FenHyx, une plateforme R&D pour tester l’hydrogène à grande échelle

15 12 2021
Simon Philippe
Simon PHILIPPE
La plateforme technologique coûte 4 millions d’euros, dont 400 000 ont été fournis par la région Îlede- France.

Si l’hydrogène doit devenir une clef de voute de la transition écologique, il lui faut des infrastructures sûres et compétitives. Pour arriver à ce résultat, GRTgaz a inauguré FenHyx le 23 novembre 2021, une nouvelle installation, située à Alfortville, qui a pour but de tester l’injection d’hydrogène dans les réseaux gaziers existants.

L’hydrogène va nous aider à relever trois défis majeurs », estime Thierry Trouvé, directeur général de GRTgaz. Le premier et plus évident : un enjeu climatique, notamment avec « la décarbonation d’un certain nombre de process dans l’industrie ou la mobilité lourdes ». Ensuite, il servira à relever « un défi économique », en créant une filière industrielle française, ou plus largement européenne. Finalement, il permettra de se maintenir dans une souveraineté énergétique, « en baissant la dépendance aux hydrocarbures et en équilibrant le système électrique ». Pour tenir toutes ces promesses, l’hydrogène a besoin d’une infrastructure fi able et viable. C’est tout l’enjeu de la plateforme FenHyx, pour Future energy network for hydrogen and mix.

Deux ans après sa création par GRTgaz, le centre de recherche et développement dédié au gaz renouvelables Rice (Research & innovation center for energy) prend de l’ampleur avec ce nouveau projet. L’objectif : être en capacité de convertir une partie des 32 000 kilomètres de canalisations de GRTgaz pour le transport massif d’hydrogène. « Une partie du réseau sera moins utilisée par le méthane, par exemple, et sera donc libre d’être exploitée pour l’hydrogène pur ou en mélange », continue Thierry Trouvé. En collaboration avec d’autres entités et entreprises européennes, il estime que le réseau hydrogène sera constitué environ au deux tiers par celui existant, reconverti.

FenHyx
©GRTgaz/RICE_JE

Le contexte économique étant favorable, avec le plan hydrogène de septembre 2020 à 7,2 milliards d’euros et l’ajout de 2 Md€ de France 2030, GRTgaz a décidé de se lancer. Un projet à 4 millions d’euros, dont 10 % de subventions de la région Ile-de-France. Concrètement, FenHyx permettra à GRTgaz de comprendre comment adapter les programmes de maintenance et de construction, une fois l’hydrogène intégré dans les canalisations.

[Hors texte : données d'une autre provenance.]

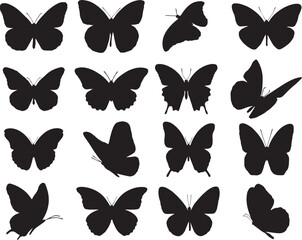 Set of 16 black silhouette of realistic beautiful butterflies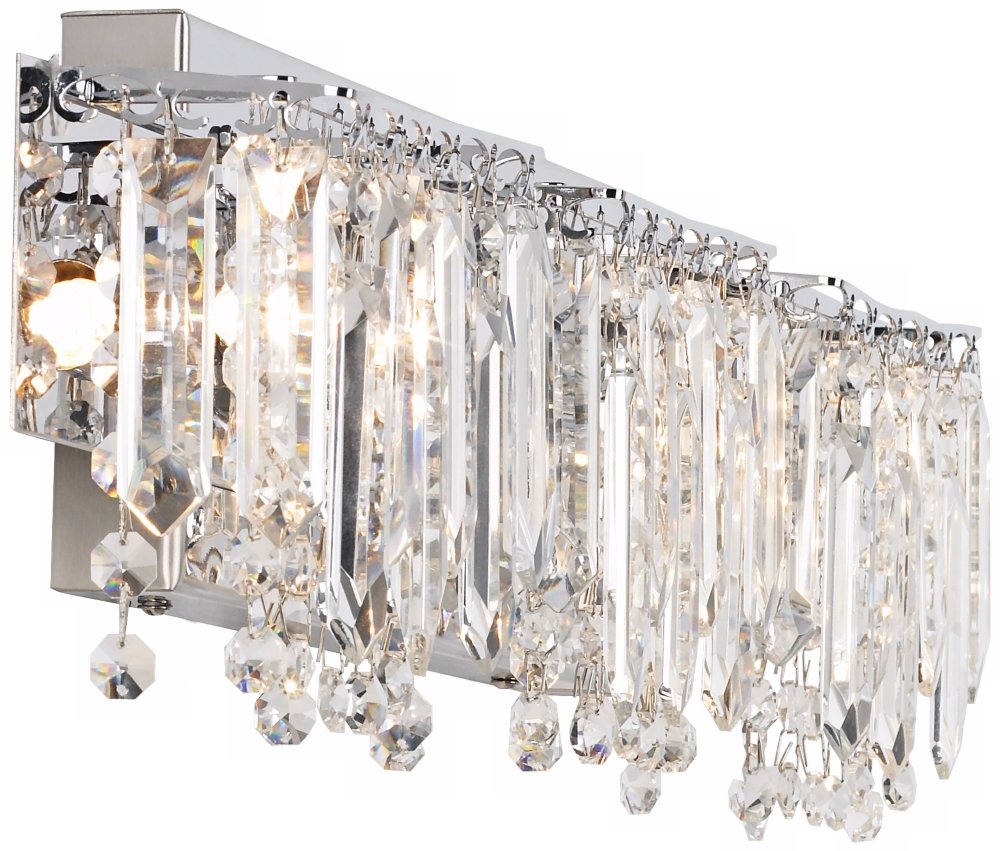 Possini Euro Design Crystal Strand Mid Century Modern Wall Light - Chrome Silver Metal Hardwired 3-Light Fixture (25.75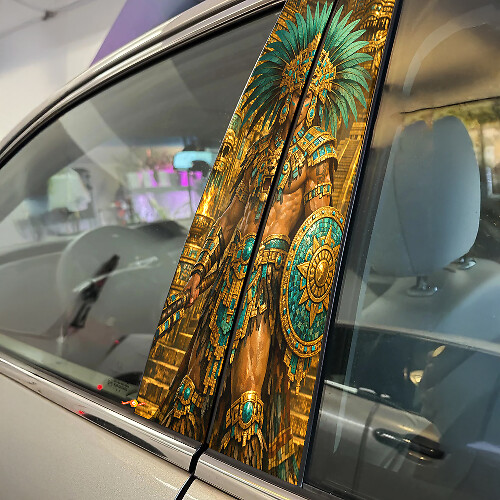 Aztec Warrior Door Pillar Vinyl Decal Set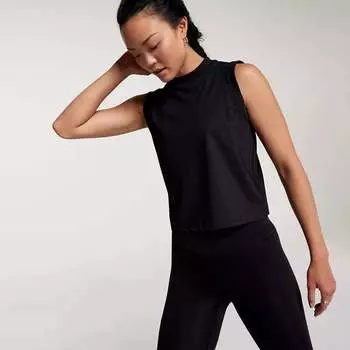 Calia Женская майка с открытой сеткой и воротником-стойкой, черный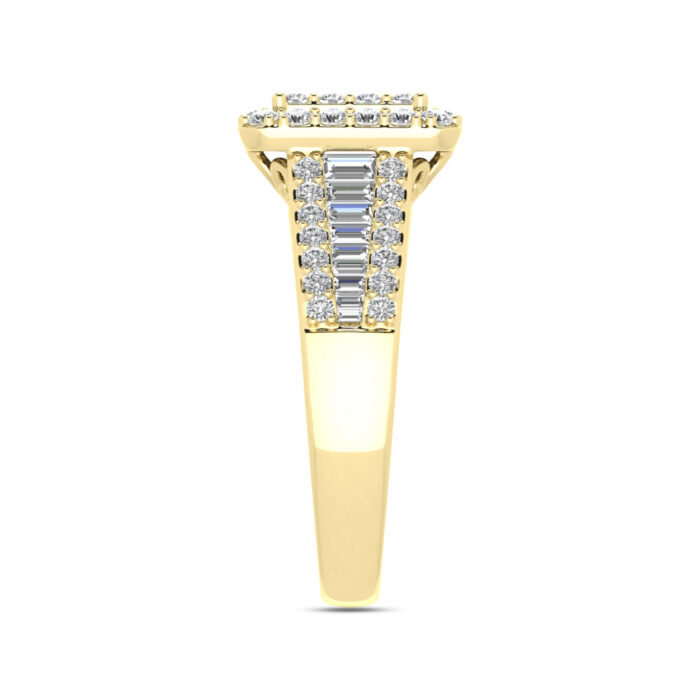 LADIES RING 1.00CT ROUND/BAGUETTE DIAMOND 10K YELLOW GOLD - Image 3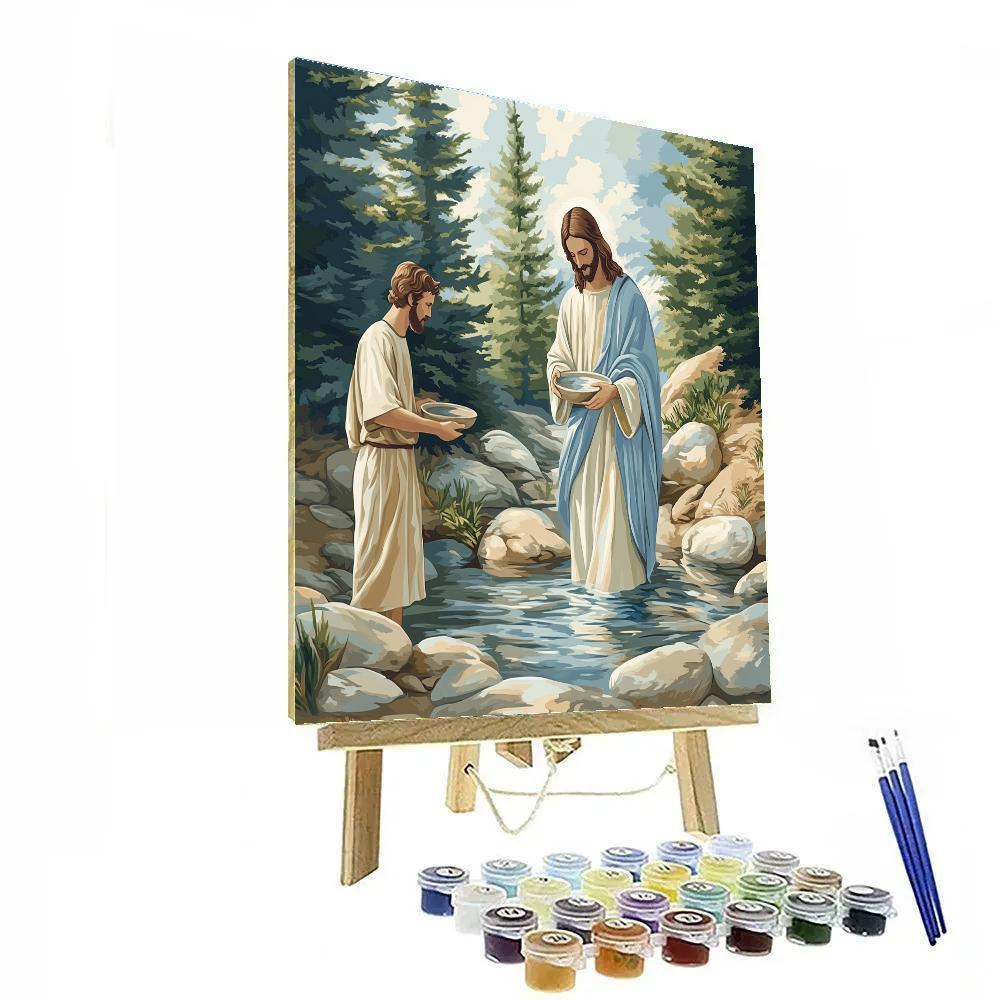 Jesus At The Mountain Spring Baptism Scene DIY paint by numbers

« Nos moyens de surveillances actuels, des drones aériens ou des robots dans les canalisations, ne seront peut-être pas adaptés aux mélanges gaz hydrogène. Cela s’applique aussi aux différents composants du circuit : des compteurs, des régulateurs, des compresseurs et de tous les autres équipements de nos installations… Conserveront-ils leurs performances ? », interroge Tanguy Manchec, chargé des activités de recherche et développement autour de ce projet chez Rice. « On ne sait pas du tout ce que l’on va trouver. Il faudra peut-être tout changer, peut-être rien du tout. Une réponse intermédiaire est tout de même bien plus probable. »

Trois bancs opérationnels

« Il y a trois grandes thématiques à investiguer sur les bancs d’essais de FenHyx à Alfortville, détaille Tanguy Manchec. Une première partie est liée à la performance et au cycle de vie des matériaux. » Une enceinte thermique, un banc d’étanchéité et un bras de manoeuvre permettent d’analyser les effets du vieillissement d’un grand nombre d’équipements en jouant sur différents paramètres.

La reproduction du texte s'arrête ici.